[Task objective] For this exercise, an exact copy is needed of only the lines from the one containing "Anzhelika Sidorova. Russian Winter 2018" through the end of the data, with pictures left out.
:: Given information ::
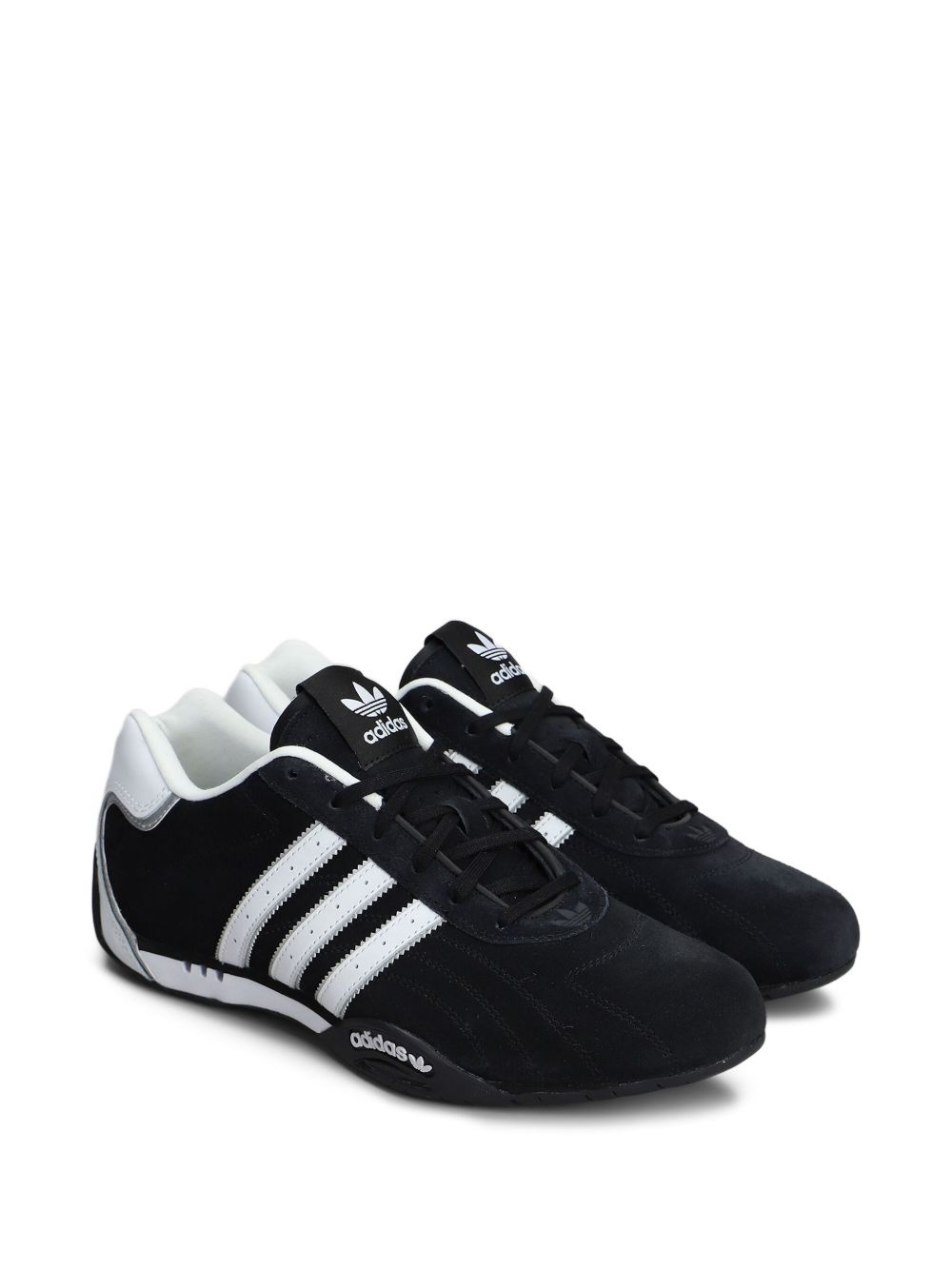 【Adidas】◆Adi Racer Lo Core Black◆JP7009◆ adidas Adi Racer Lo Core Black White Men's - JP7009 - US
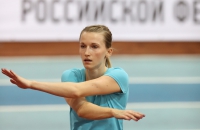 Anzhelika Sidorova. Russian Winter 2018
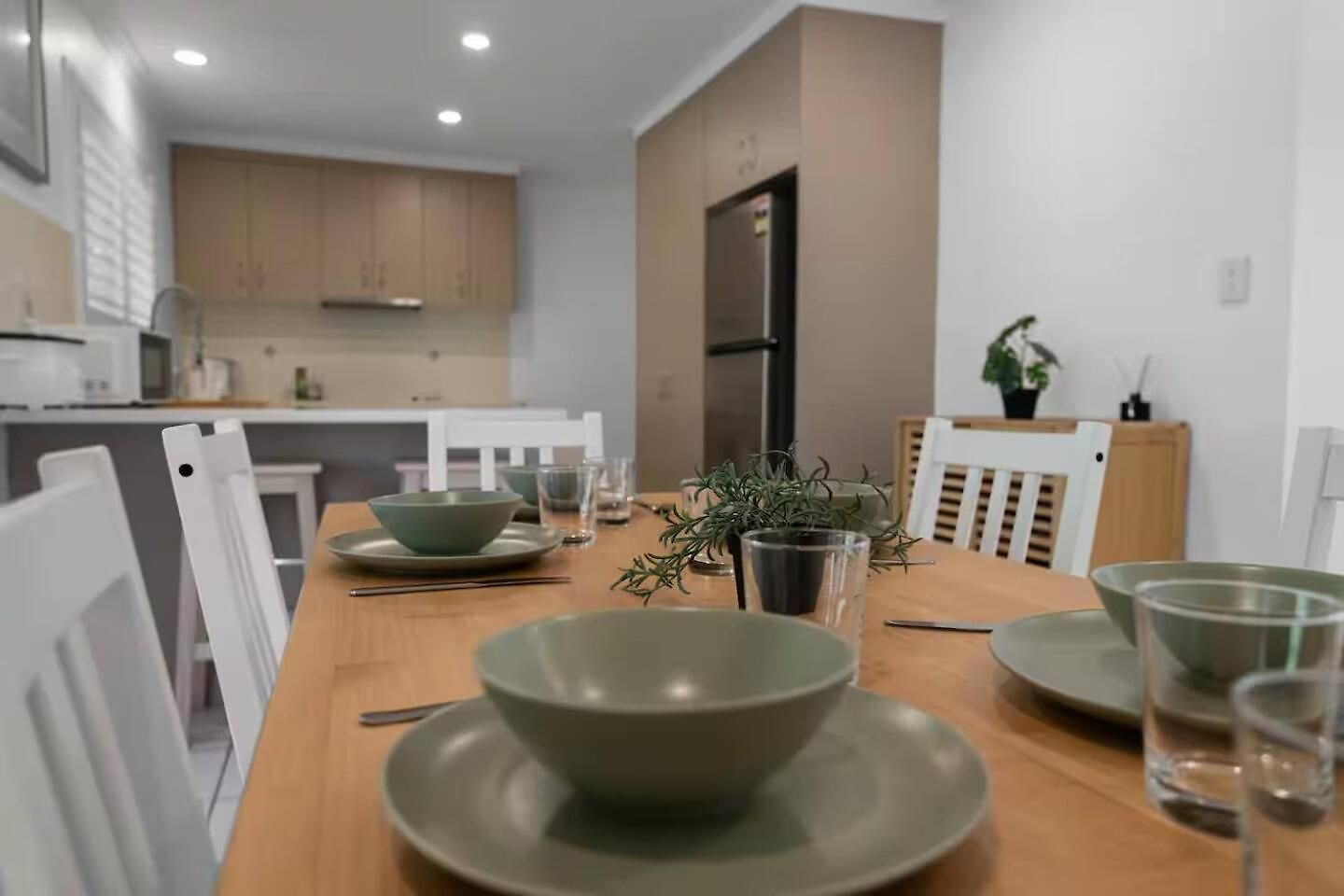 Holiday home Bertie's - Affordable Comfort For The Whole Crew - Brisbane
:::
[Response to the exercise]
 Anzhelika Sidorova. Russian Winter 2018
 Holiday home Bertie's - Affordable Comfort For The Whole Crew - Brisbane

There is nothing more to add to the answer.